Then all of a sudden their quantum mechanical state is dependent on each other. So this is some of the. Like a Bell state. Where the qubits or electron spins always correlated. That is in form of entanglement. And so to do quantum computation. You have to be able to entangle your qubits. And you have to do it in a controllable manner. So that, you know, you can actually form these massively entangled state. Using all of your qubits. So that when you're computing, you have that two to the n number of states. And so can I think of it that in essence, in the language of quantum computation. entanglement involves this profound sharing of the information. Between these members of an entangled state. So that they're no longer just acting independently. Which is more what a classical kind of computation would do. This guy's doing his work. This guy's doing their work. What you want is them to be working together. In some deeply enmeshed manner.

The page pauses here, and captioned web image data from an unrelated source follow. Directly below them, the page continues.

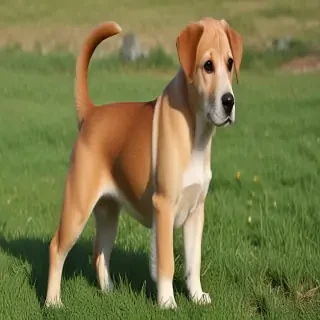 turkish vankedisi breed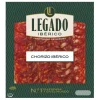 Chouriço Ibérico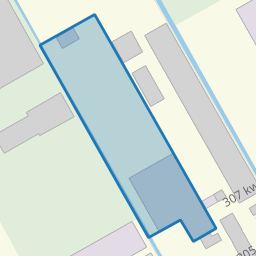 Perceel AMR03-B-6323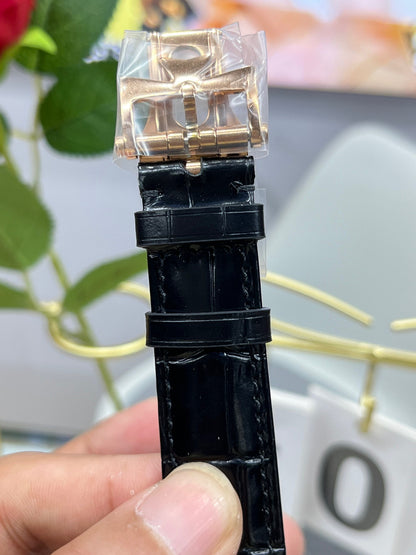 Vacheron Constantin Traditionnelle 43175/000R-B343 (Vacheron Constantin Traditionnelle)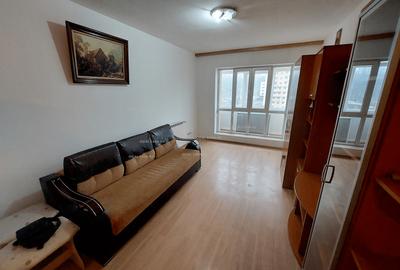 Apartament cu 2 camere in Tatarasi-Doi Baieti,bloc nou - 5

To leverage the full power of quantum mechanics. And that's what you do through these entanglements between the trapped ions. That's right. And if you think about it classically, Right. If you do a classical operation between two bits, right. You may. Then they are dependent on each other during the operation. But then afterwards, then when they go and operate with another bit. Then those become sort of separate entity. In quantum computing, they're always entangled. As in, if once they're entangled, if I take one qubit. And then go entangle it with another qubit with a third qubit. That third qubit is also entangled with this first qubit that it has never met before. Right. And so these are thus how you get the power of quantum computing. In that exponential sense. Compared to classical. Compared to a classical system.

Now, these are sort of nice visuals, animations that give us a feel for what's going on. But you actually have realized these states in an actual physical device. So what is it that we're seeing here? So that is an ion trap. That is the structure, those electrodes that are holding the ions in place. And so that is microfabricated device. You make these structures and if you connect them up to with the right voltage control and like I described you, ionize the atom and those ions can be moved around sort of above the surface of this device. And so are there many ions that are influenced by this device or is it 1 per ion? How does it work in terms of actually realizing it? The device are just a bunch of electrodes, so they can hold as many ions as you're clever in designing your electric field that you can support those ions.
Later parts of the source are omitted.